* Assignment:
In the entries below, repeat only the lines between those holding "어두운 넓은 공간 안에" and "Schulbus - Buttons", inclusive. Leave pictures out.

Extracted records
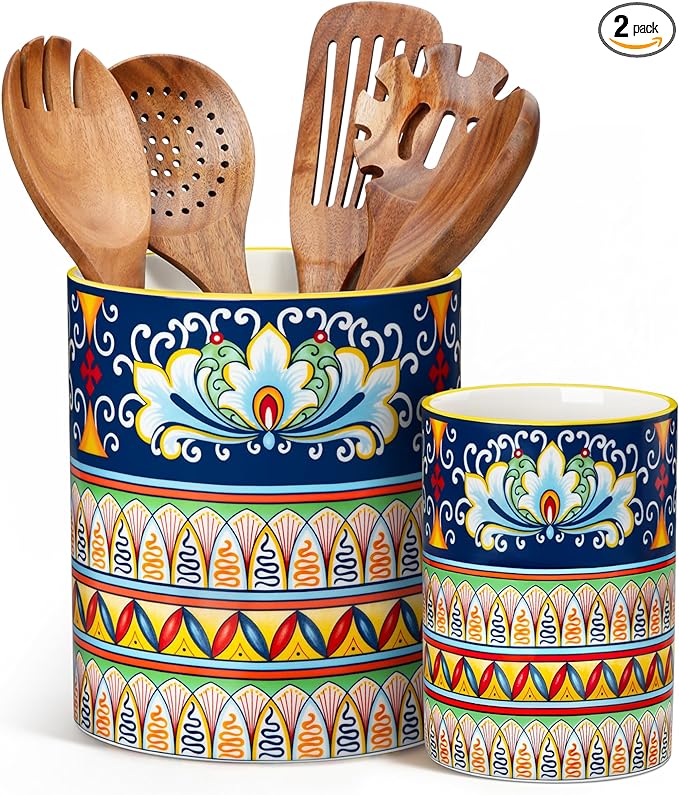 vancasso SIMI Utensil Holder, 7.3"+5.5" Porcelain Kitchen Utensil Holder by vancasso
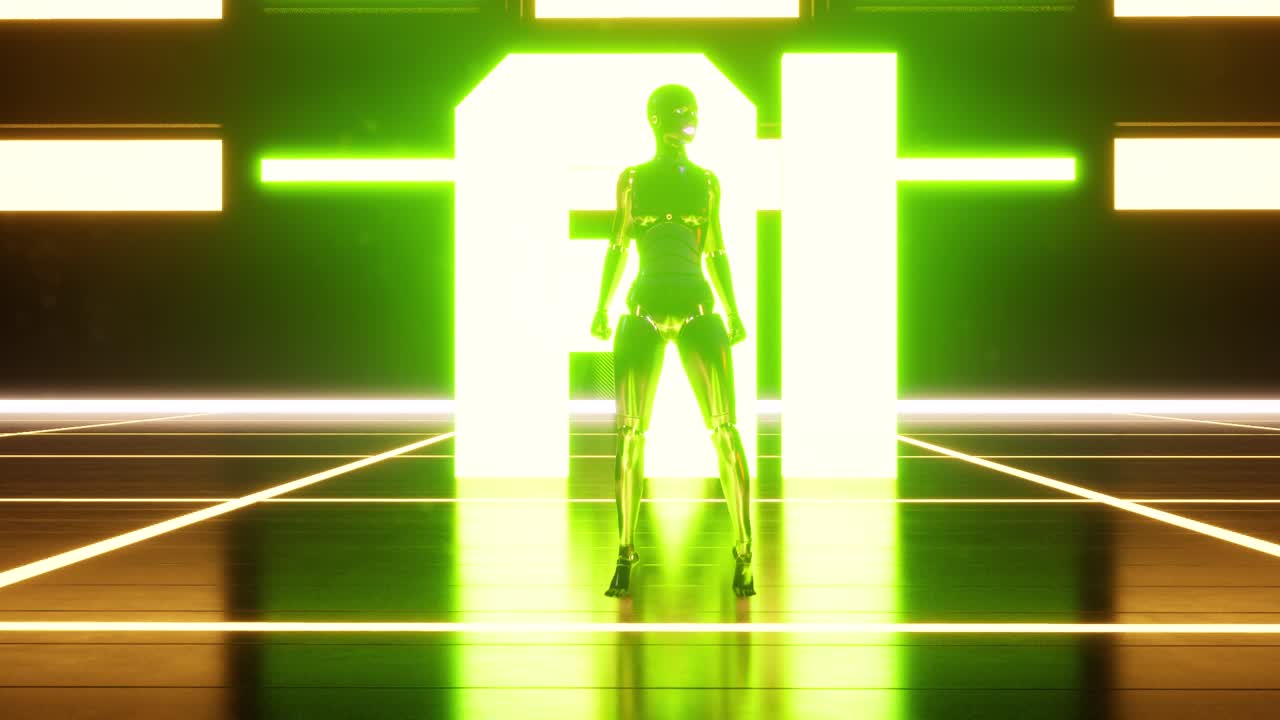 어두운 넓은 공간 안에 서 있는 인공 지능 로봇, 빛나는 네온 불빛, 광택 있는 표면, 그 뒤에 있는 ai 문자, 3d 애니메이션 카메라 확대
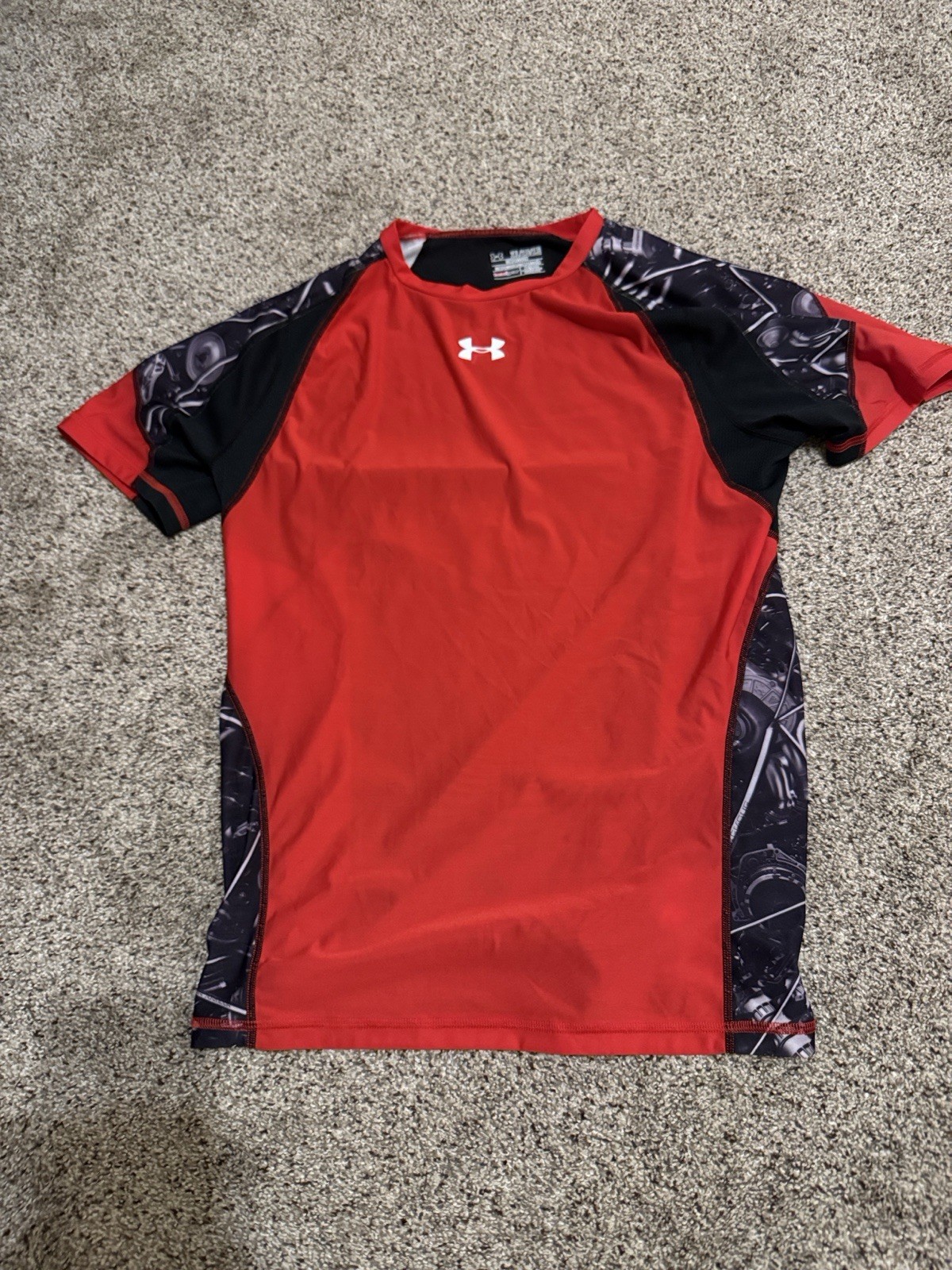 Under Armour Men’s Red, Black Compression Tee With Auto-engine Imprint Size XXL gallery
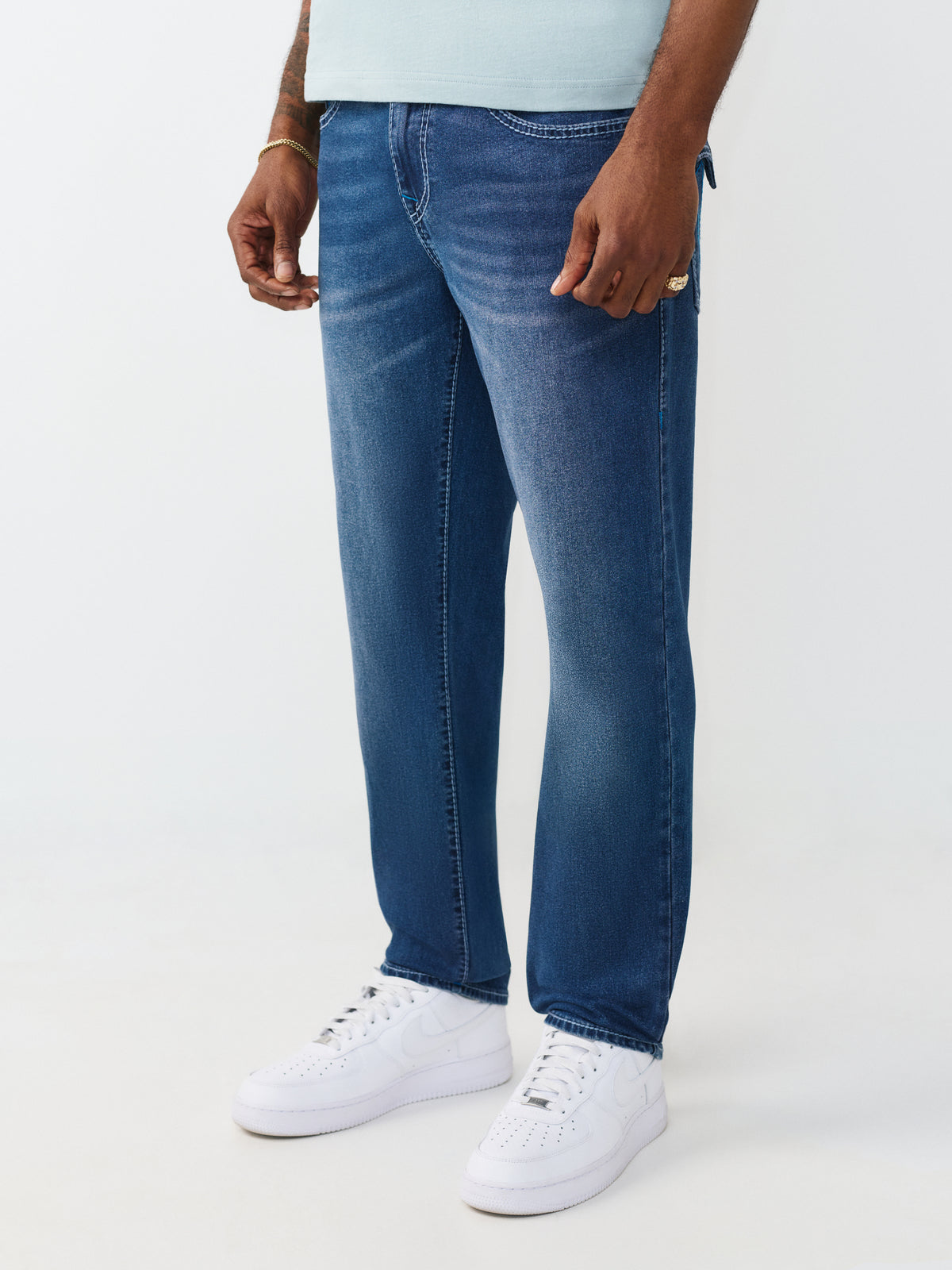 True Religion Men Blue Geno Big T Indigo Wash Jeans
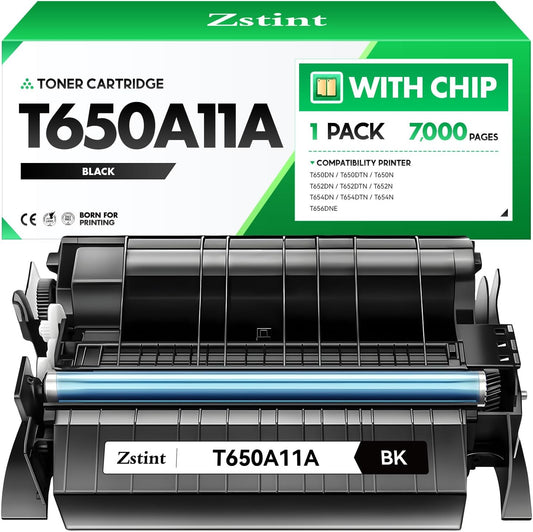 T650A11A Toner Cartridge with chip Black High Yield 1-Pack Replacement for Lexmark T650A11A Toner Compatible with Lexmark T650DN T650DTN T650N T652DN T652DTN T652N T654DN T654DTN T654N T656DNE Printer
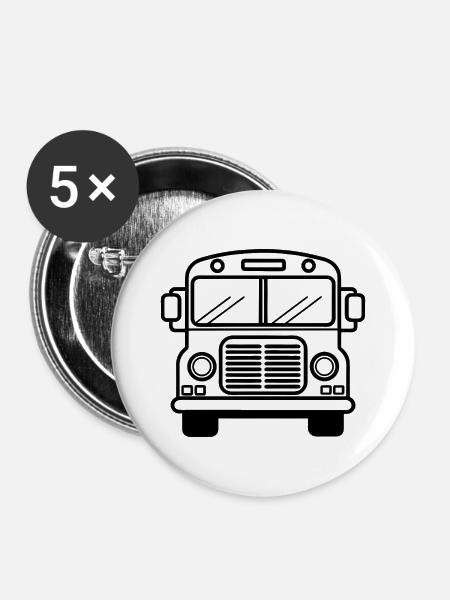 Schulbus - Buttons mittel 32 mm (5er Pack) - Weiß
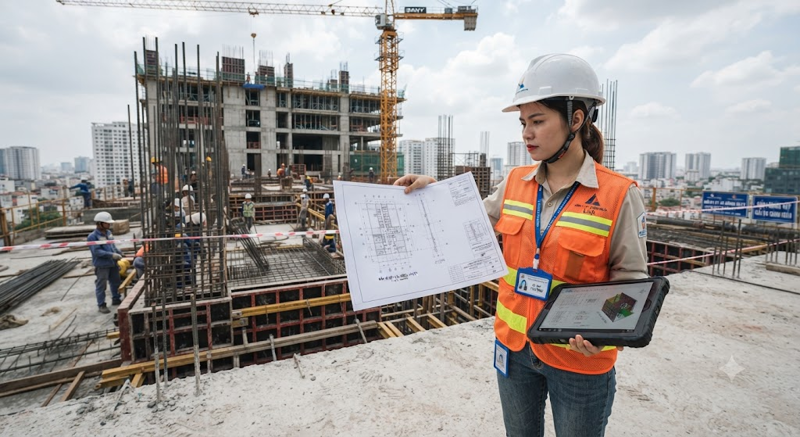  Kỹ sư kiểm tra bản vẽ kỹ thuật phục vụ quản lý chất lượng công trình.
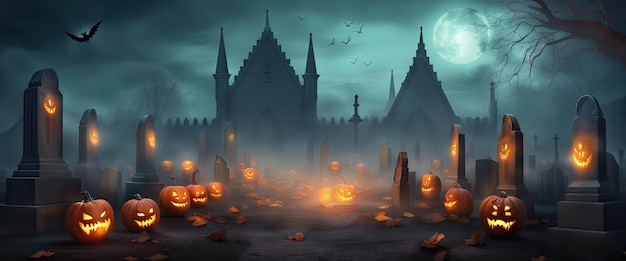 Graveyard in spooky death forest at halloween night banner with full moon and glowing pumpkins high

* Answer for this exercise:
 어두운 넓은 공간 안에 서 있는 인공 지능 로봇, 빛나는 네온 불빛, 광택 있는 표면, 그 뒤에 있는 ai 문자, 3d 애니메이션 카메라 확대
 Under Armour Men’s Red, Black Compression Tee With Auto-engine Imprint Size XXL gallery
 True Religion Men Blue Geno Big T Indigo Wash Jeans
 T650A11A Toner Cartridge with chip Black High Yield 1-Pack Replacement for Lexmark T650A11A Toner Compatible with Lexmark T650DN T650DTN T650N T652DN T652DTN T652N T654DN T654DTN T654N T656DNE Printer
 Schulbus - Buttons mittel 32 mm (5er Pack) - Weiß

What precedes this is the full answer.